Japan’s defense costs have already bloated to in excess of 5 trillion yen ($46 billion). The LDP’s new position on defense spending essentially raises the figure to upward of 10 trillion yen.
This is irresponsible in the extreme, given the absence of any discussion of funding.
The Abe administration’s special treatment of defense-related matters is now old hat. For the past four years, Japan’s defense spending has kept setting new records. And in March last year, Abe told the Diet unequivocally that he “had no intention” of continuing to adhere to the 1 percent ceiling on defense spending.
We presume the LDP’s motive behind spelling out “2 percent” in its proposal was to bolster and accelerate Abe’s policy. But this proposal itself is anything but realistic.
As for proposals to gain the capability to attack missile bases in hostile countries and introduce an aircraft carrier with multiple uses–apparently with the Maritime Self-Defense Forces’s “Izumo” helicopter carrier in mind–they both overstep the bounds of the nation’s defense-only policy. The LDP also came up with a “cross-domain defense concept” with which to strengthen Japan’s presence in space and cyber technology, in addition to upgrading the capabilities of the Ground, Maritime and Air Self-Defense Forces.

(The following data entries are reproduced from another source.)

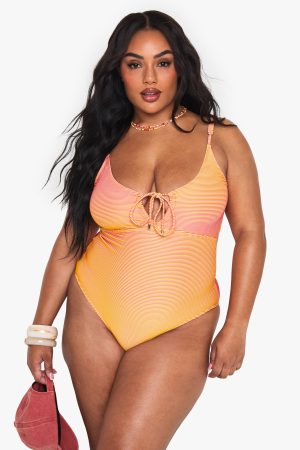 PLUS TEXTURED STRIPE CUTOUT SWIMSUIT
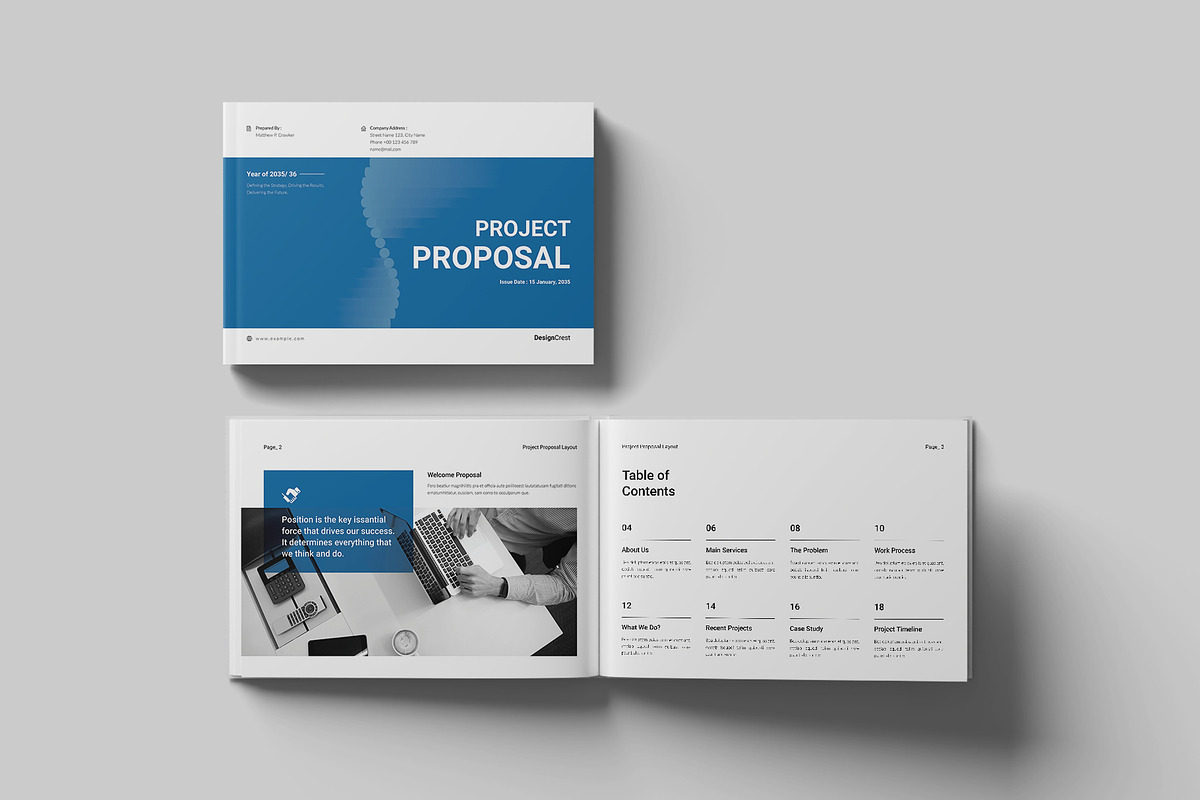 Project Proposal Template Landscape, a Brochure Template by DesignCrest (Photo 4 of 13)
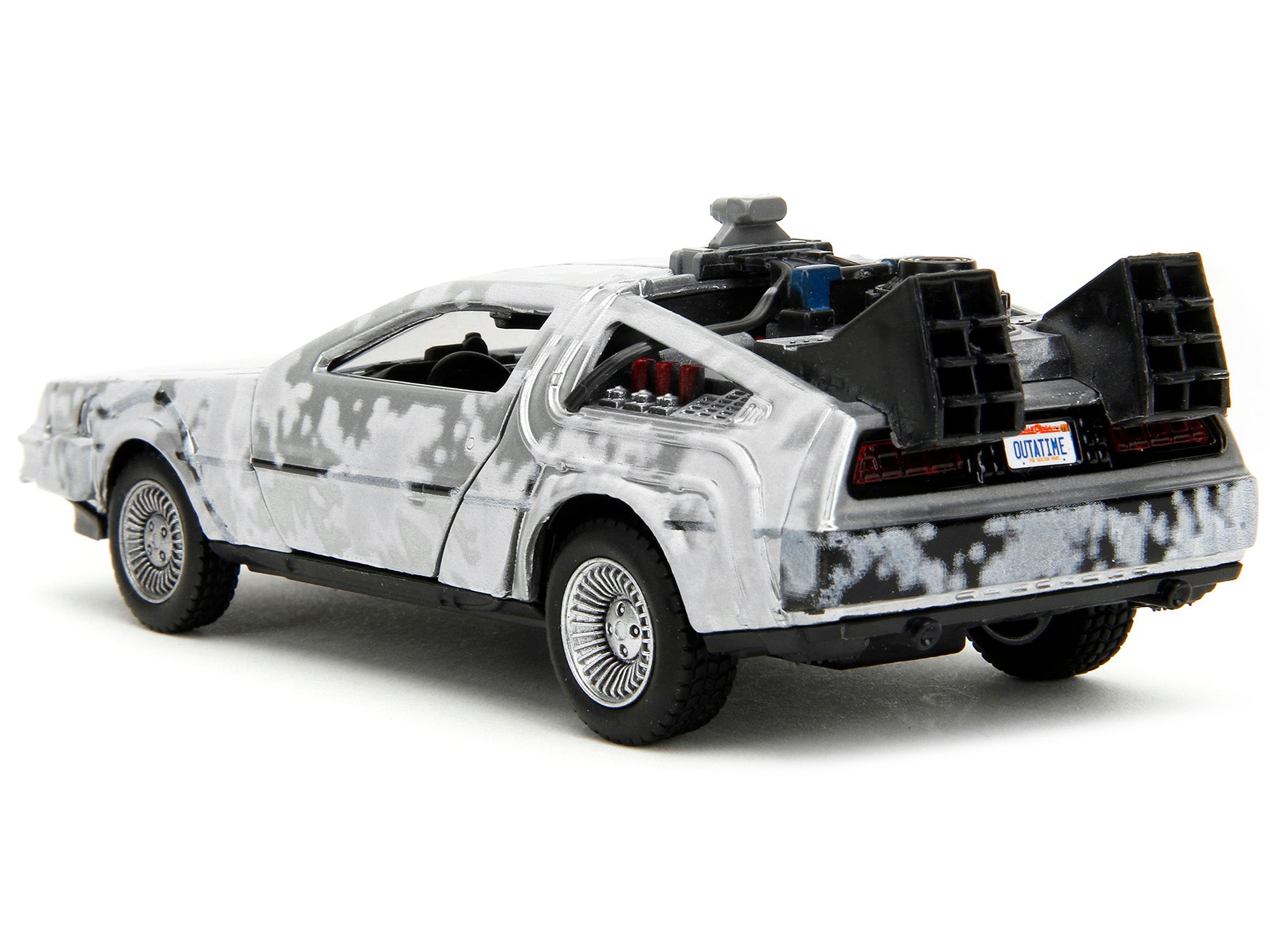 DMC DeLorean Time Machine Brushed Metal (Frost Version) "Back to the Future" (1985) Movie "Hollywood Rides" Series 1/32 Diecast Model Car by Jada - image 5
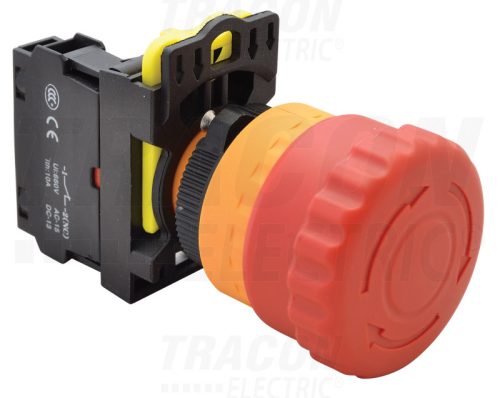 Tracon Vészgomb, reteszelt, piros 1×NC, 5A/230V AC-15, 40mm, IP65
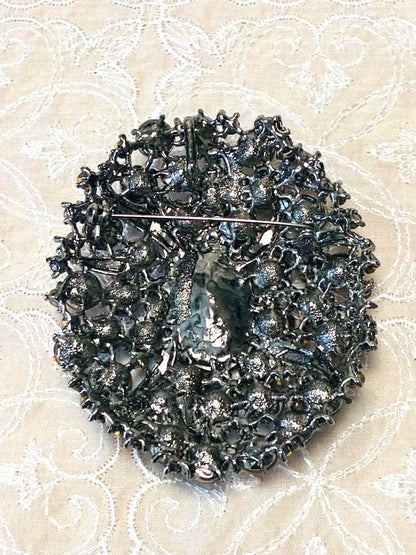 Christian Lacroix Multicolor Crystal Brooch Pin Pink Teal Gold Rhinestone Paris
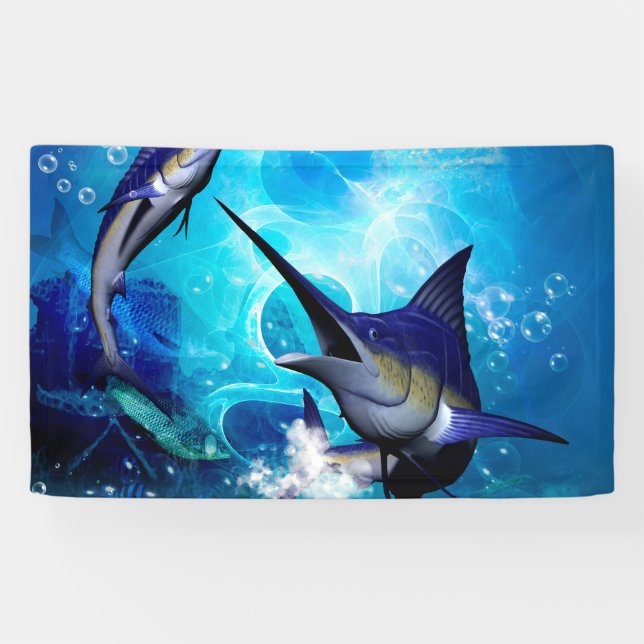 Awesome marlin with bubbles banner (Horizontal)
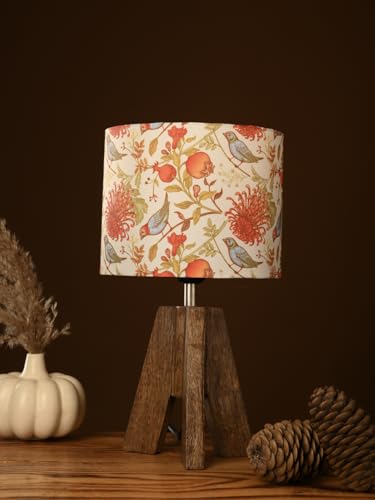Image of Green Girgit Decorative Tri-Leg Stand Wooden Table Lamp with Brown Birdy Multicolor Shade Bedside & Reading Night Lamp for Bedroom, Living Room & Home Decor | Warm Ambient Light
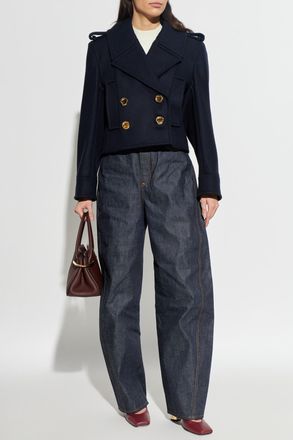 Givenchy Wool Jacket With Epaulettes, Womens, Navy Blue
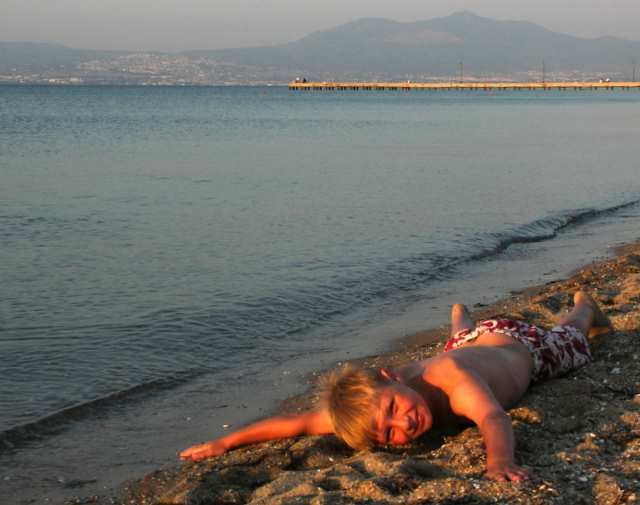 Grejca plaża Agia Triada Morze Egejskie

The Abe administration has altered the course set by generations of preceding Cabinets, for instance, by opening the door to participation in collective self-defense under new national security legislation. With U.S. President Donald Trump exerting pressure on Tokyo to purchase American-made weapons, the massive increase in spending proposed by the LDP is bound to further erode Japan’s fabric as a pacifist nation.
But national security is to be enhanced not only by beefing up defense capabilities, but in tandem with diplomatic endeavors to seek detente.
It is true that China’s aggressive maritime advances need to be dealt with. But countering them by force alone will only heighten tensions in the region.
The LDP’s excessive emphasis on North Korea’s nuclear and missile threats as a means to justify a defense buildup is simply not acceptable. In pushing arms expansion while multinational diplomatic efforts are in play to establish peace and stabilization on the Korean Peninsula, the LDP is adopting an outright regressive posture.
For any politician with a sense of awareness of their responsibility for the nation’s future, their obvious duty is to envision and build a strategy that relies on both defense-related and diplomatic initiatives.
And specifically, they must strive to win the support of the public by getting their priorities right in determining policy-by-policy spending programs within budgetary constraints.
But there is not a trace of such wisdom and careful consideration in the LDP proposals.